# Missingness Data != Missing Any Information

In [None]:
import numpy as np
import pandas as pd
import matplotlib.pyplot as plt
import seaborn as sns
from matplotlib import style
sns.set_style('whitegrid')
plt.rcParams['figure.figsize'] = (12, 8)
%matplotlib inline
import re
from itertools import product
import itertools

from sklearn.ensemble import RandomForestClassifier
from sklearn.metrics import matthews_corrcoef, roc_curve, auc, roc_auc_score, classification_report, confusion_matrix
from sklearn.model_selection import train_test_split

from scipy import stats

In this notebook, we will explore the relationship between the missingness of data fields and their values.

In [None]:
dat = pd.read_pickle("../input/gstore-revenue-data-preprocessing/train.pkl")

If we look at the counts of NA values in each attribute below, we can see that for many of the attributes, the data is missing for a significant portion of the rows. For many of these attributes, "missing" does not exactly mean "we know nothing about it". In fact, in many cases, "missing" can be a source of useful insight just as valid values do. For instance, if we failed to record the number of pages viewed, does this mean the user did not view anything?
Missingness can also reveal which attributes were collected together and could potentially dependent on each other.

In [None]:
dat.apply(lambda x: np.sum(pd.isna(x)))

### Independence Test of Column Values vs Column Missingness

As a first step, we would like to know if some of the columns are dependent on the missingness of other columns. For categorical columns, we can apply the chi-square test to determine if they are independent from column missingnesses. If a significant number of columns appear to be dependent on column missingness, there is a good reason to include these missingnesses in models based on them.
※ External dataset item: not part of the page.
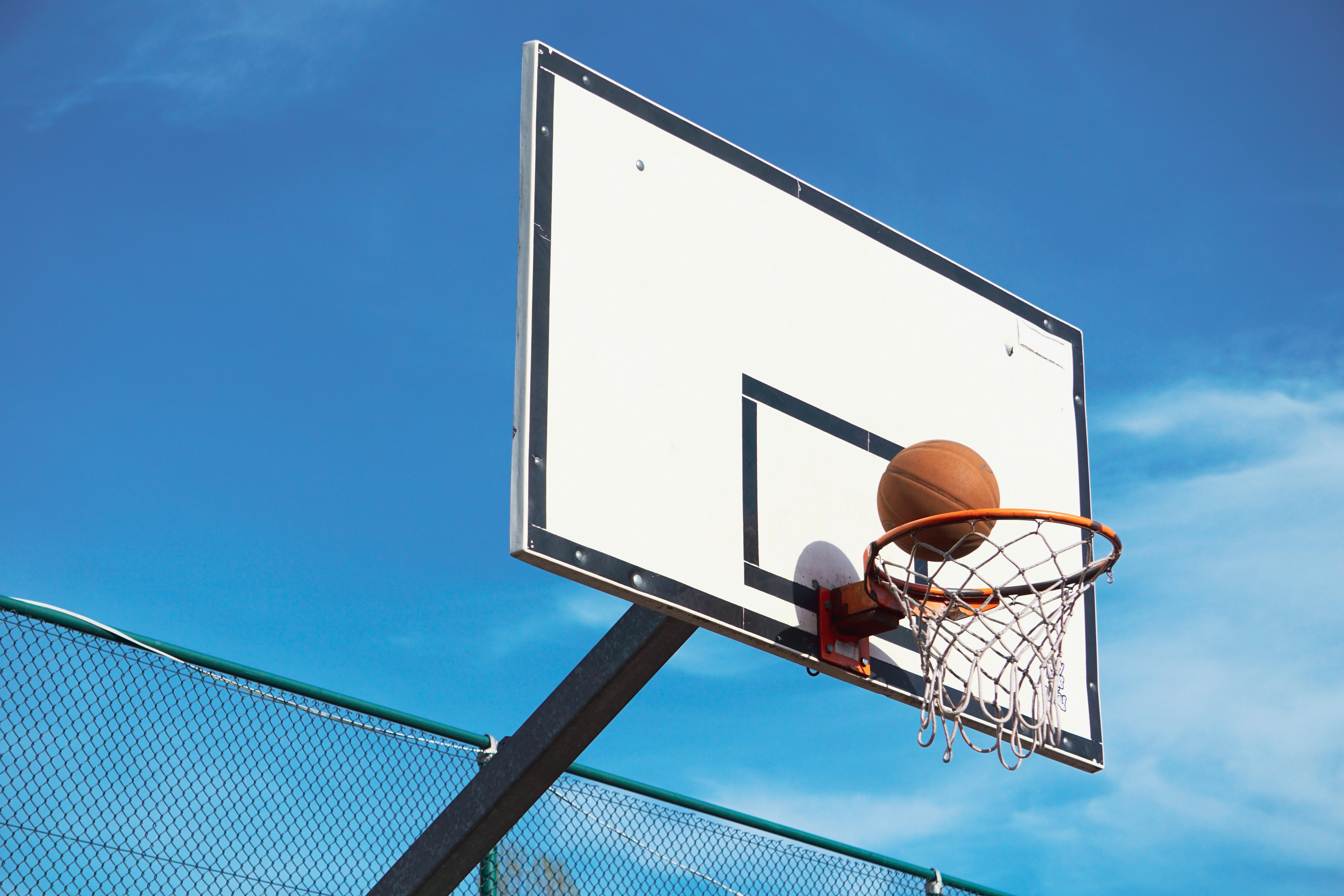  How To Install Basketball Hoop On Existing Concrete 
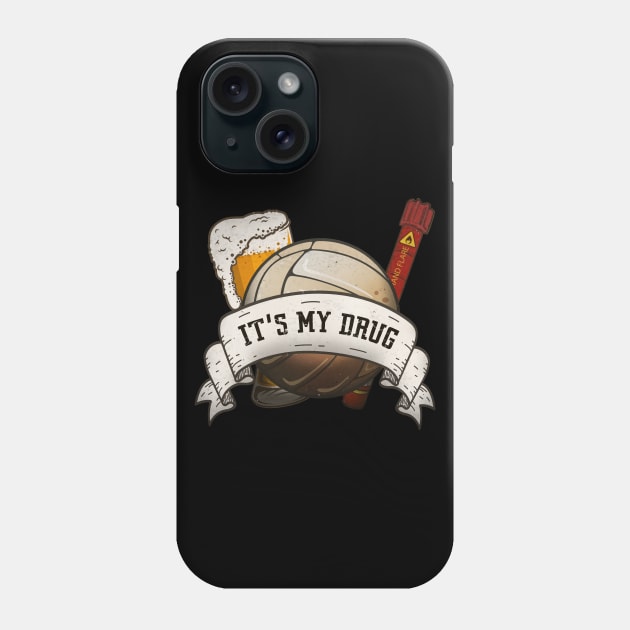 IT'S MY DRUG Phone Case by Bombastik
To do so, we will first have to find all the categorical columns as well as columns with missing values, and create a new dataframe including both data columns and missingness indicator columns.

In [None]:
cat_columns = [c for c in dat.columns if str(dat[c].dtype) == 'category']

In [None]:
missing_count = dat.apply(lambda x: np.sum(pd.isna(x)))
col_w_missing = list(missing_count[missing_count > 0].index)
col_w_missing

In [None]:
missing = dat.copy()
for col in col_w_missing:
    missing['miss_' + col] = pd.isnull(dat[col])

Since in our preprocessing step, we converted missing revenue values to 0, here we add the revenue missingness column back.

In [None]:
zero_revenue = missing['totals.transactionRevenue'] == 0
missing['miss_totals.transactionRevenue'] = zero_revenue
col_w_missing.append('totals.transactionRevenue')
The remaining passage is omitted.